▶ **Required work**: Copy exactly the lines of the material below that fall between the line with "Vintage Framed Needlepoint" and the line with "Poster low-poly earth", both of those lines included; pictures stay out.

▶ **Record extracts**:
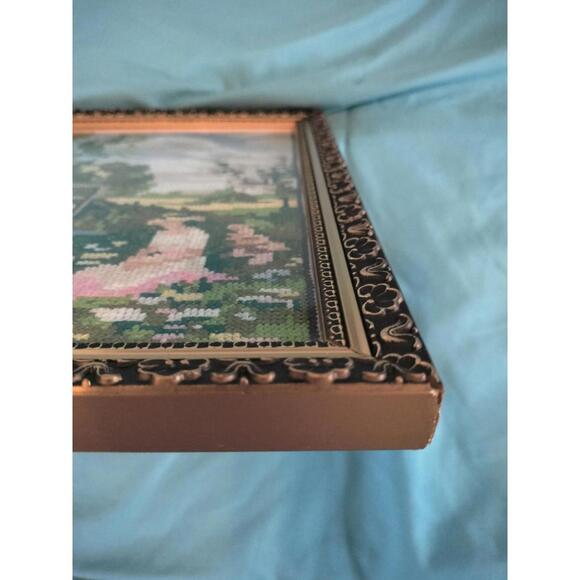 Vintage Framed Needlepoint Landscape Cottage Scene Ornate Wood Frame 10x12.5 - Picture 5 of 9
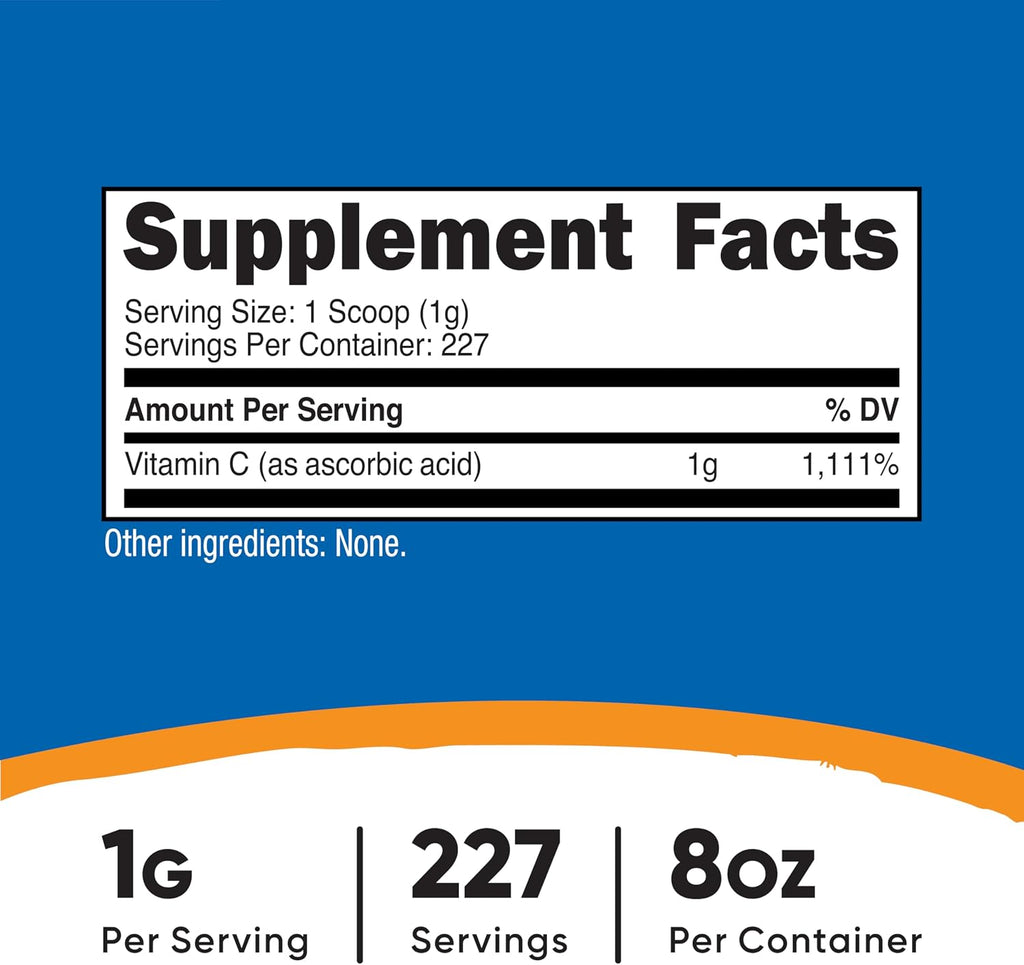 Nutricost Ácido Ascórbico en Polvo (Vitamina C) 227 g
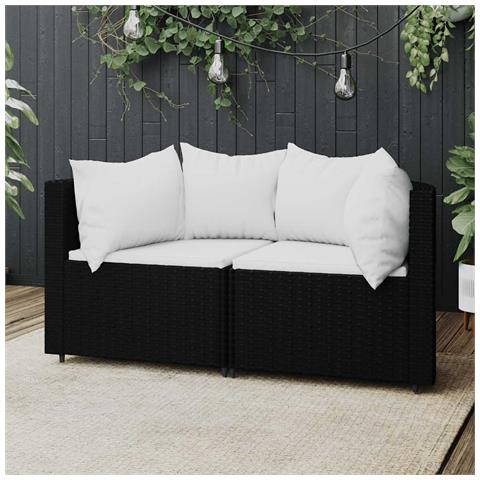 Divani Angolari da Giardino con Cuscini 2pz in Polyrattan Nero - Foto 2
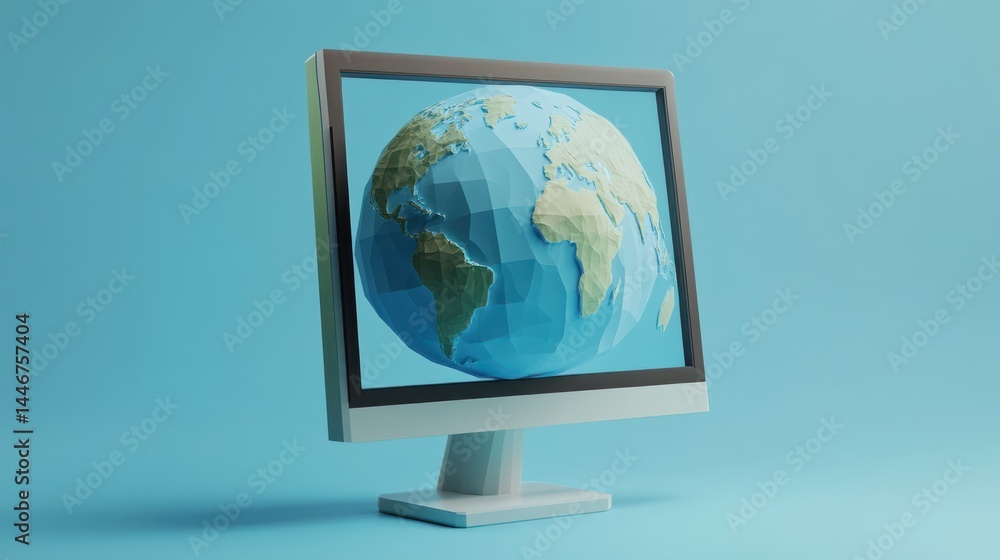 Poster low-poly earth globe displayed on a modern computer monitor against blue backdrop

--

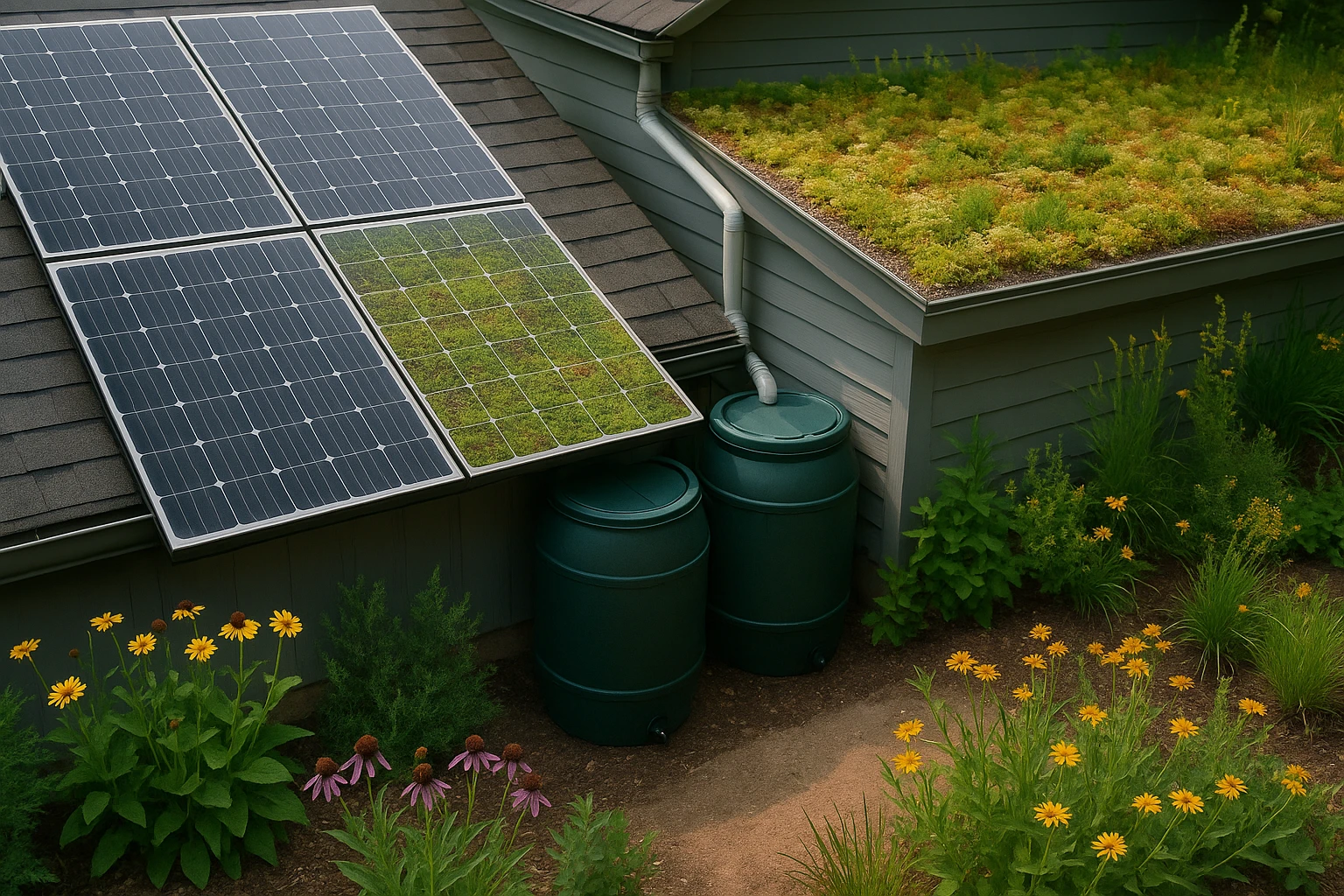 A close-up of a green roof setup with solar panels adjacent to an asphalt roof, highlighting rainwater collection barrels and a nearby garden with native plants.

▶ **Completed task**:
 Vintage Framed Needlepoint Landscape Cottage Scene Ornate Wood Frame 10x12.5 - Picture 5 of 9
 Nutricost Ácido Ascórbico en Polvo (Vitamina C) 227 g
 Divani Angolari da Giardino con Cuscini 2pz in Polyrattan Nero - Foto 2
 Poster low-poly earth globe displayed on a modern computer monitor against blue backdrop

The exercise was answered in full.